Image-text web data

=== Section Start ===

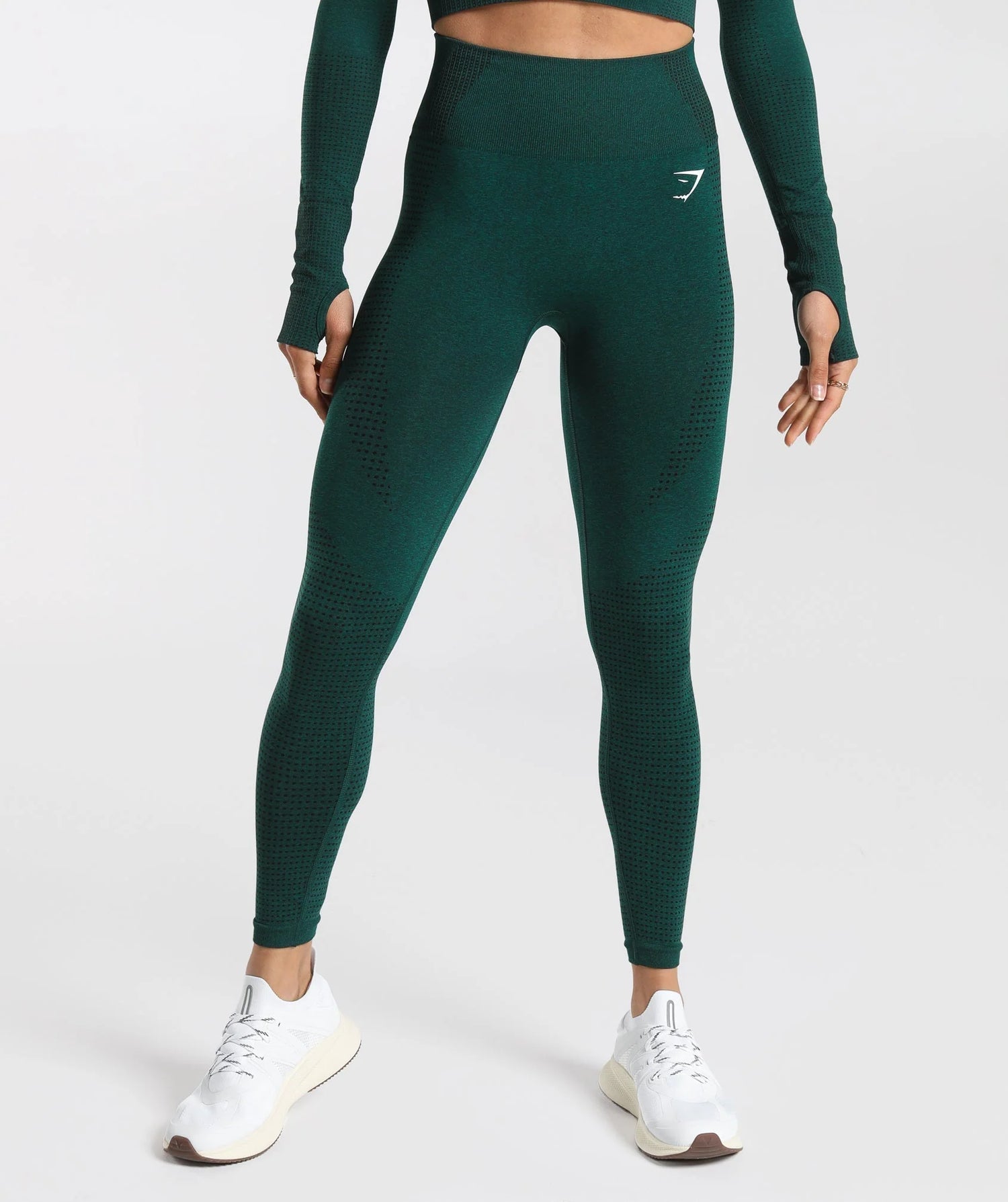 Vital Seamless 2.0 Leggings - Deep Teal Marl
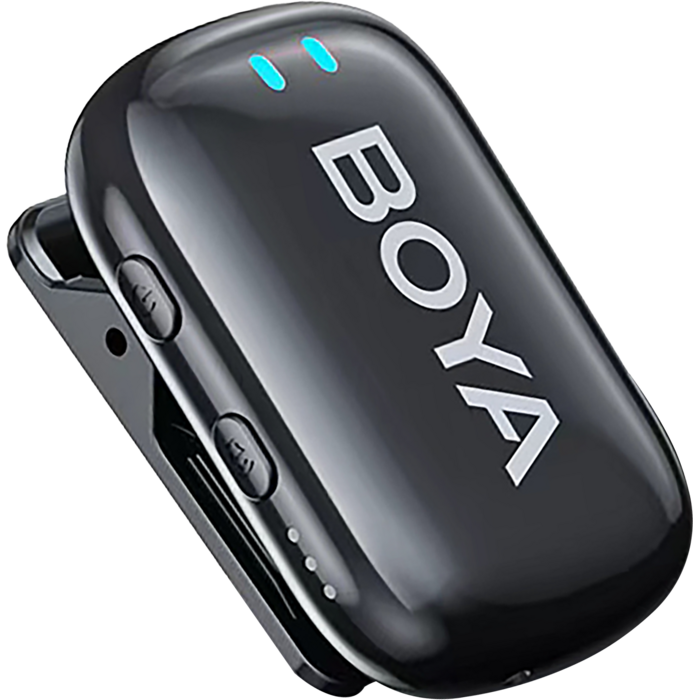 Бездротовий петличний мікрофон BOYA mini-18 TRS for camera Black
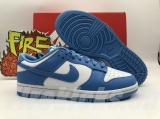 2023.7 Authentic Nike SB Dunk Low“University Blue” Men And Women Shoes -ZL (21)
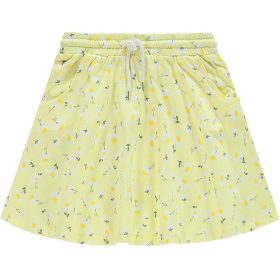 Civil Margarétás sárga lány szoknya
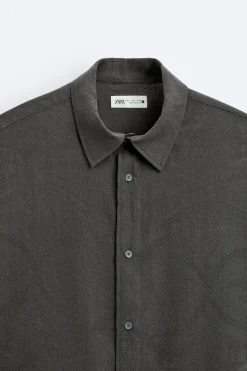 Clearance CAMISA JACQUARD CON LYOCELL Hombre Camisas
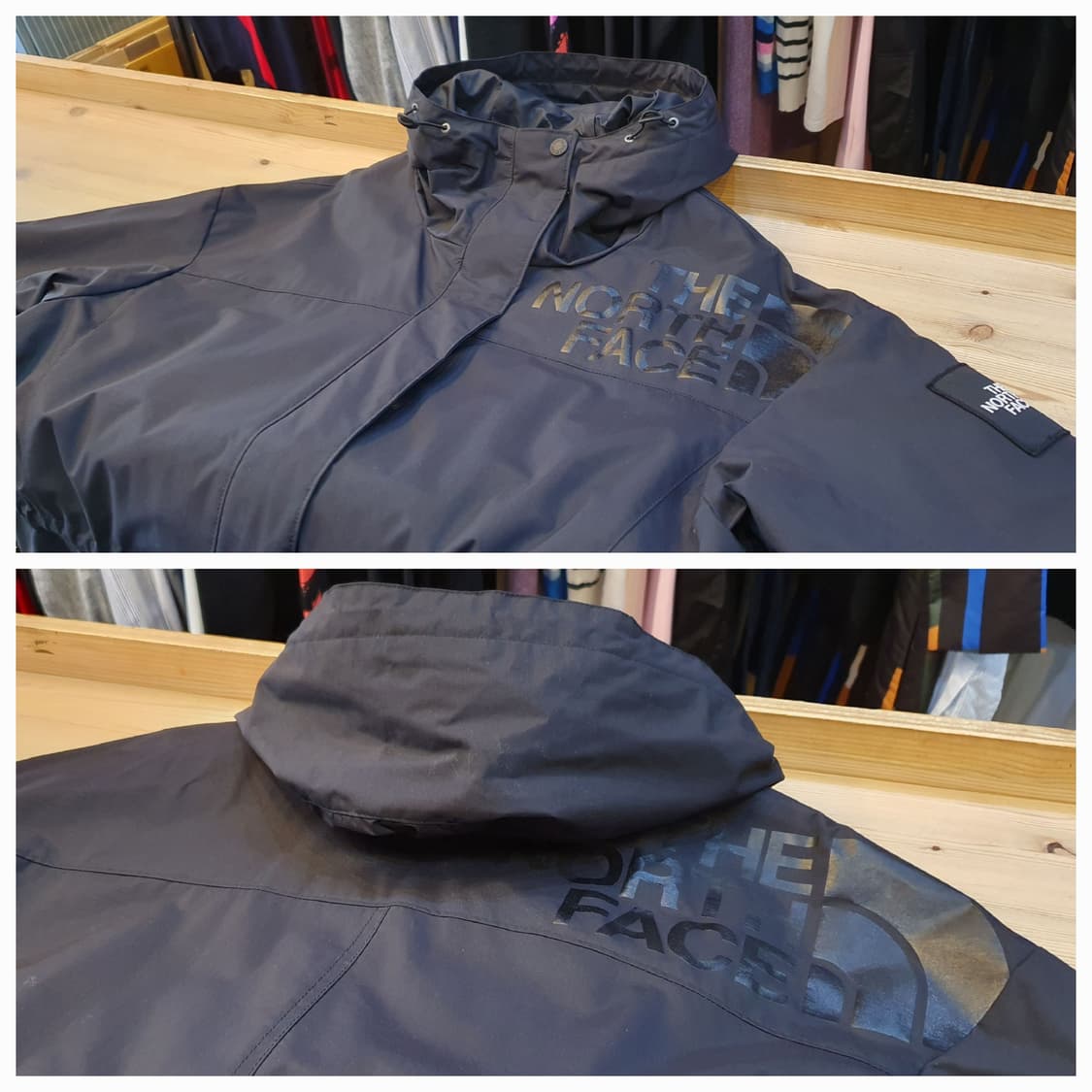 77.노스페이스 블랙 마운틴파커  상품이미지4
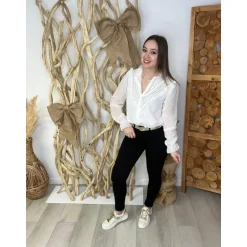 CHEMISE MAELINE - BLANC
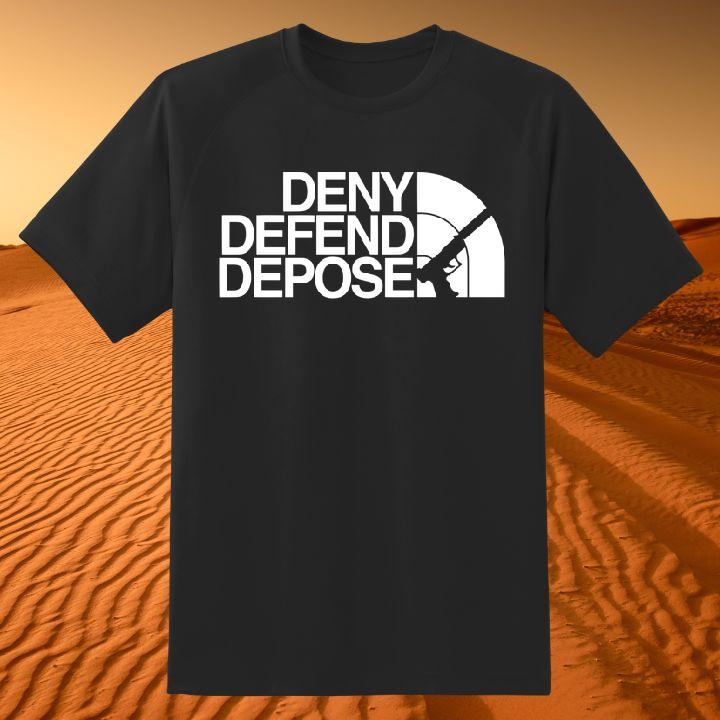 Deny Defend Depose Face The North Face Shirt 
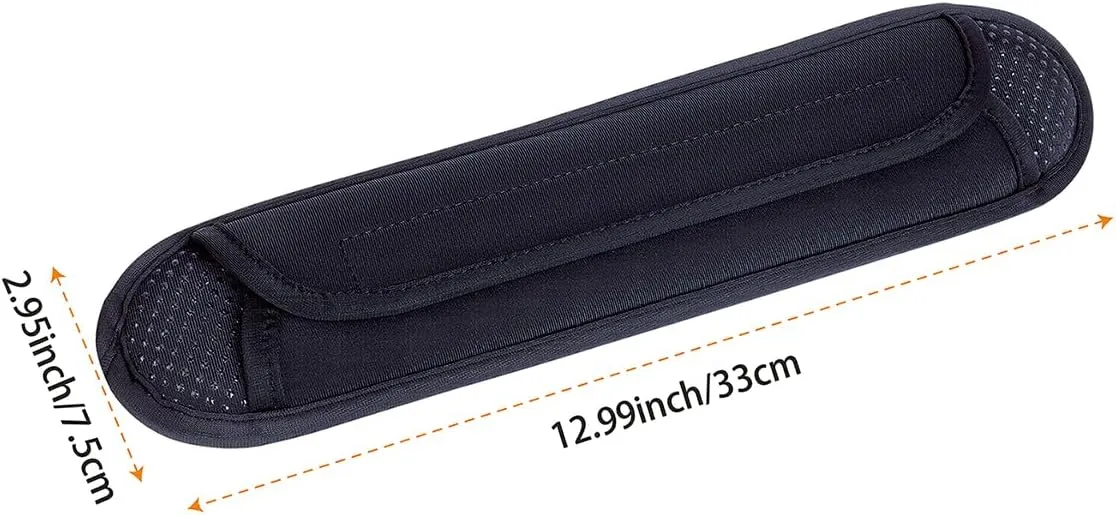 Universal Shoulder Pads for Bags Non-Slip Thick Enhance The Comfort and Stability of Shoulder Bags, Messenger Bags, Backpacks and Belts - Perfect for Outdoor Sports Enthusiasts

=== Section End ===

§ WORK INSTRUCTIONS:
What you return must match the data above exactly, with no images included.

§ EXERCISE ANSWER:
 Vital Seamless 2.0 Leggings - Deep Teal Marl
 Бездротовий петличний мікрофон BOYA mini-18 TRS for camera Black
 2023.7 Authentic Nike SB Dunk Low“University Blue” Men And Women Shoes -ZL (21)
 Civil Margarétás sárga lány szoknya
 Clearance CAMISA JACQUARD CON LYOCELL Hombre Camisas
 77.노스페이스 블랙 마운틴파커  상품이미지4
 CHEMISE MAELINE - BLANC
 Deny Defend Depose Face The North Face Shirt 
 Universal Shoulder Pads for Bags Non-Slip Thick Enhance The Comfort and Stability of Shoulder Bags, Messenger Bags, Backpacks and Belts - Perfect for Outdoor Sports Enthusiasts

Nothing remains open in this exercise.